● Entries supplied
* * * * * * * * *

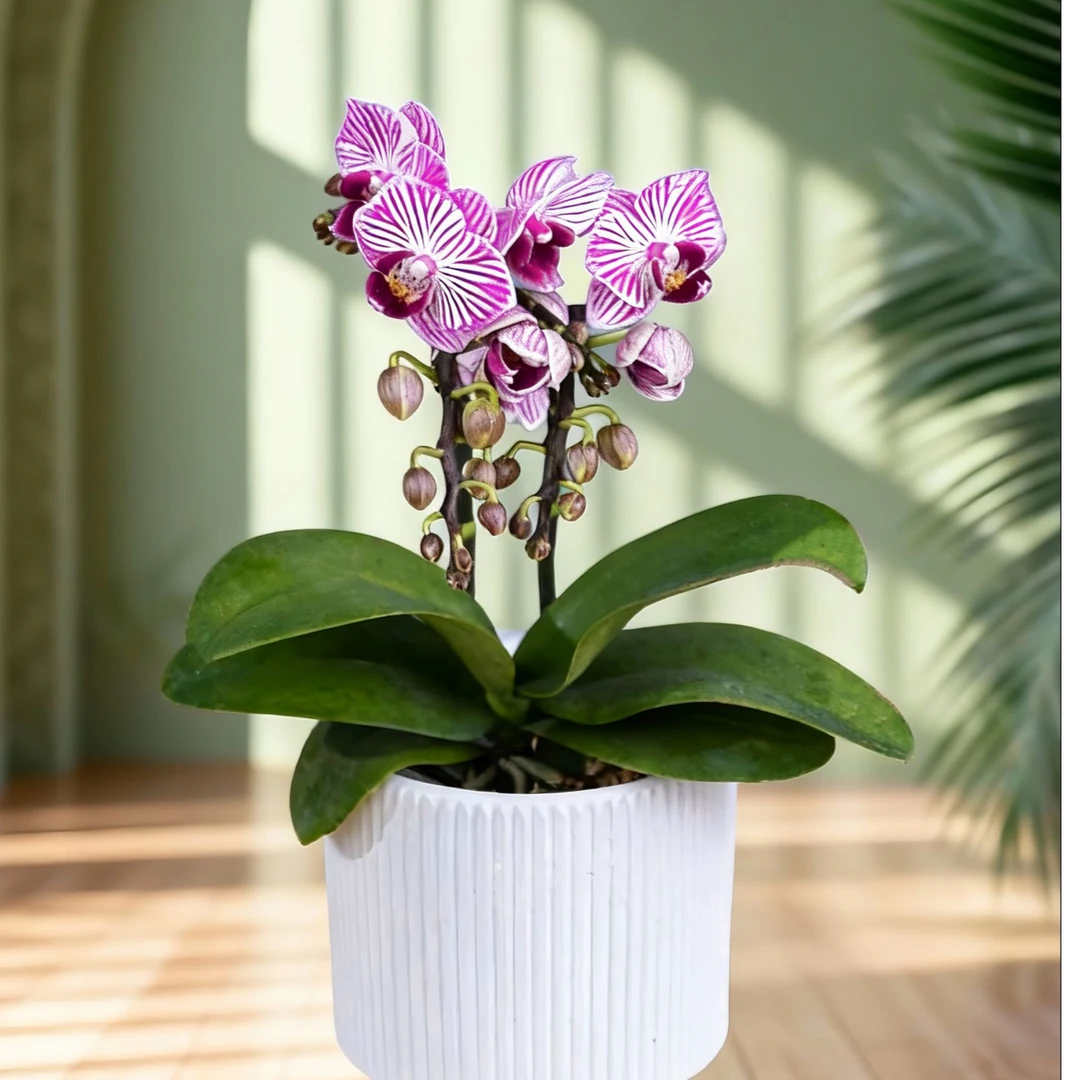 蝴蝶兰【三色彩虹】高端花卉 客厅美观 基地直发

* * * * * * * * *

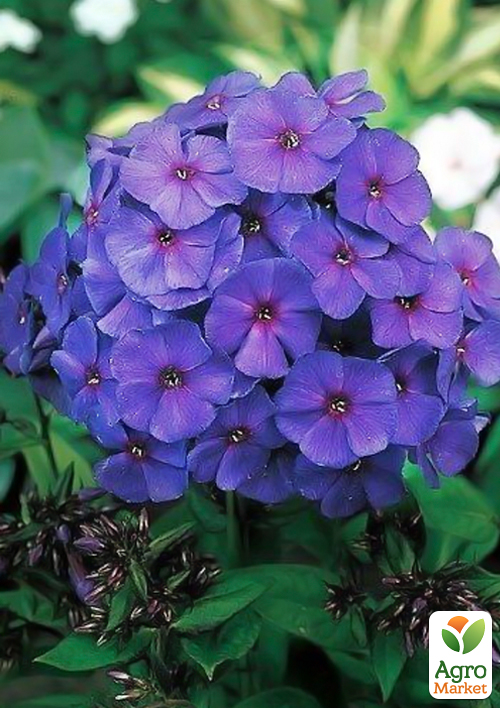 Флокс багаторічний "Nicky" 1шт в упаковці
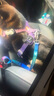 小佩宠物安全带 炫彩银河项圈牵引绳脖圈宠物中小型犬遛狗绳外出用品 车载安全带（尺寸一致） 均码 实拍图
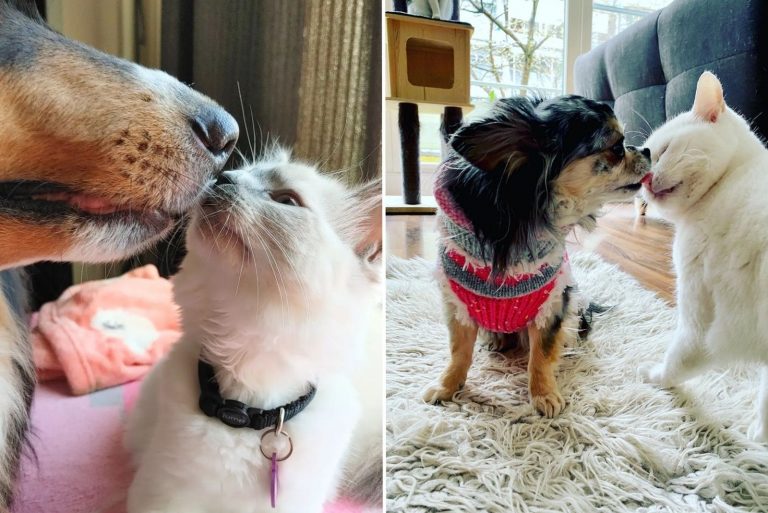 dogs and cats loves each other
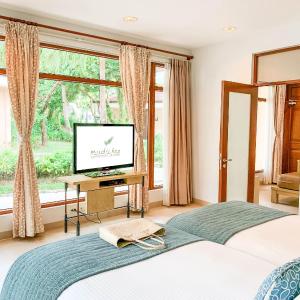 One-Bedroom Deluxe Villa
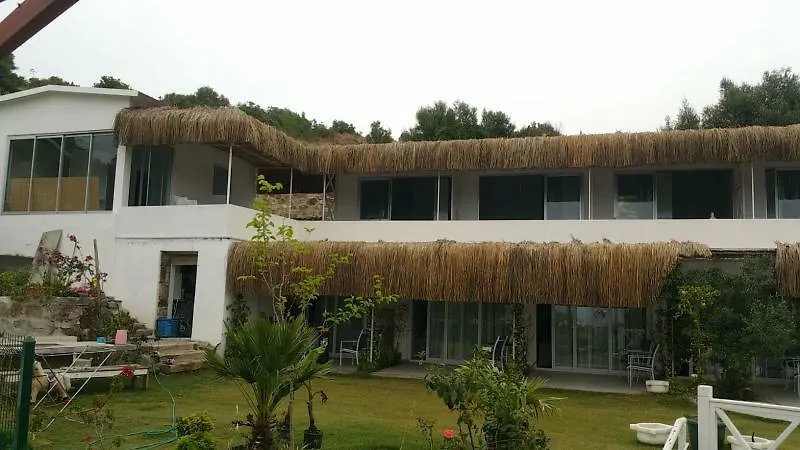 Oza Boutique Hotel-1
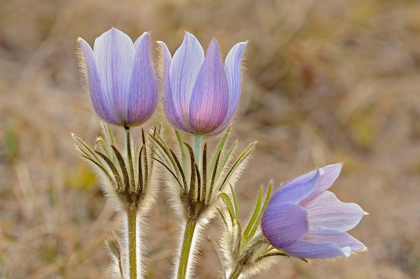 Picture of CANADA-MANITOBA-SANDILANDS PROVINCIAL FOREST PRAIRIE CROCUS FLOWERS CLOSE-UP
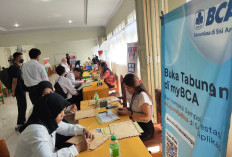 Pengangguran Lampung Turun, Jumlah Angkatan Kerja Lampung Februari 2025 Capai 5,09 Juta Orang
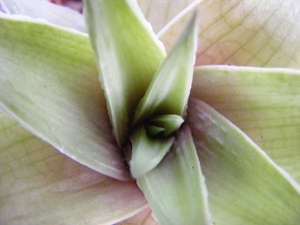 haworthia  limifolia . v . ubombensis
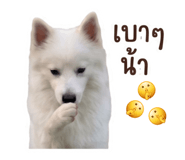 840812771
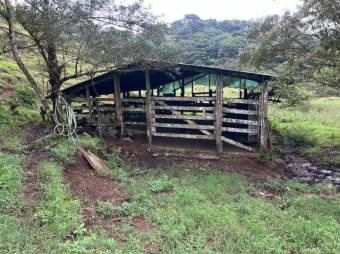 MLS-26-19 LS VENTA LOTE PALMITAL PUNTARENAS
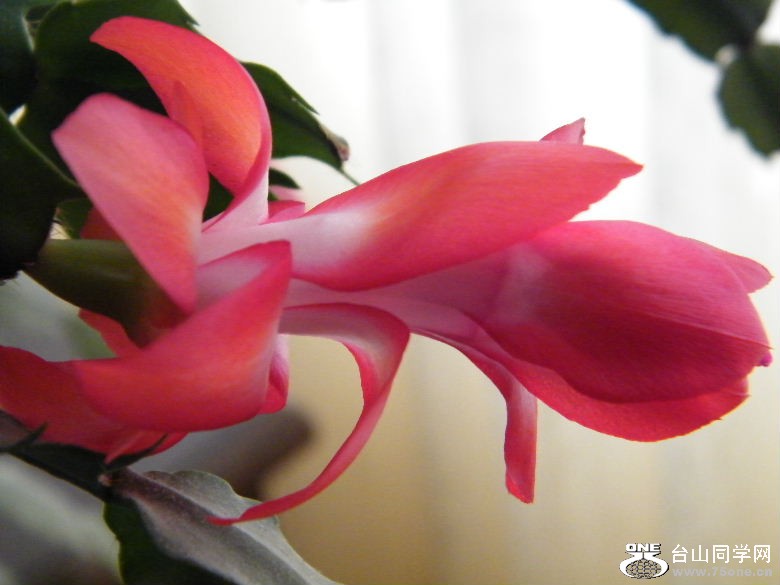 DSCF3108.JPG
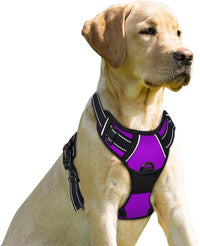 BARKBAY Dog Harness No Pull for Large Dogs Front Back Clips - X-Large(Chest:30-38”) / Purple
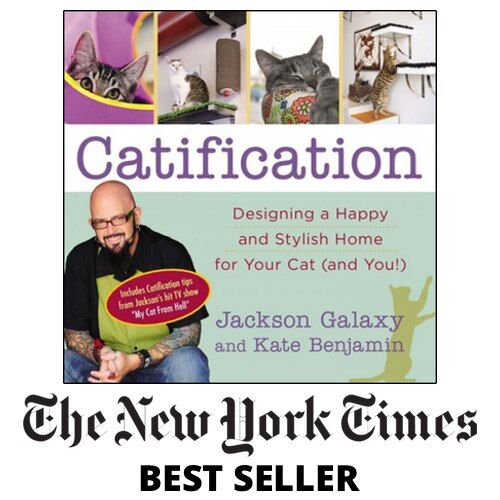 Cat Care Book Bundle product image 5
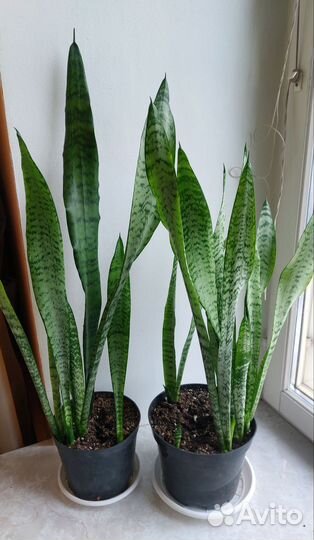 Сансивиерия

* * * * * * * * *

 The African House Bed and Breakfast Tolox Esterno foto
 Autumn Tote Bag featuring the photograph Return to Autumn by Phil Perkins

* * * * * * * * *

● Your instructions
From the records above, quote word for word only the lines beginning at the line that has "Picture of CANADA-MANITOBA-SANDILANDS" and stopping after the line that has "Сансивиерия". Omit the pictures.

● The completed task
 Picture of CANADA-MANITOBA-SANDILANDS PROVINCIAL FOREST PRAIRIE CROCUS FLOWERS CLOSE-UP
 Pengangguran Lampung Turun, Jumlah Angkatan Kerja Lampung Februari 2025 Capai 5,09 Juta Orang
 haworthia  limifolia . v . ubombensis
 840812771
 MLS-26-19 LS VENTA LOTE PALMITAL PUNTARENAS
 DSCF3108.JPG
 BARKBAY Dog Harness No Pull for Large Dogs Front Back Clips - X-Large(Chest:30-38”) / Purple
 Cat Care Book Bundle product image 5
 Сансивиерия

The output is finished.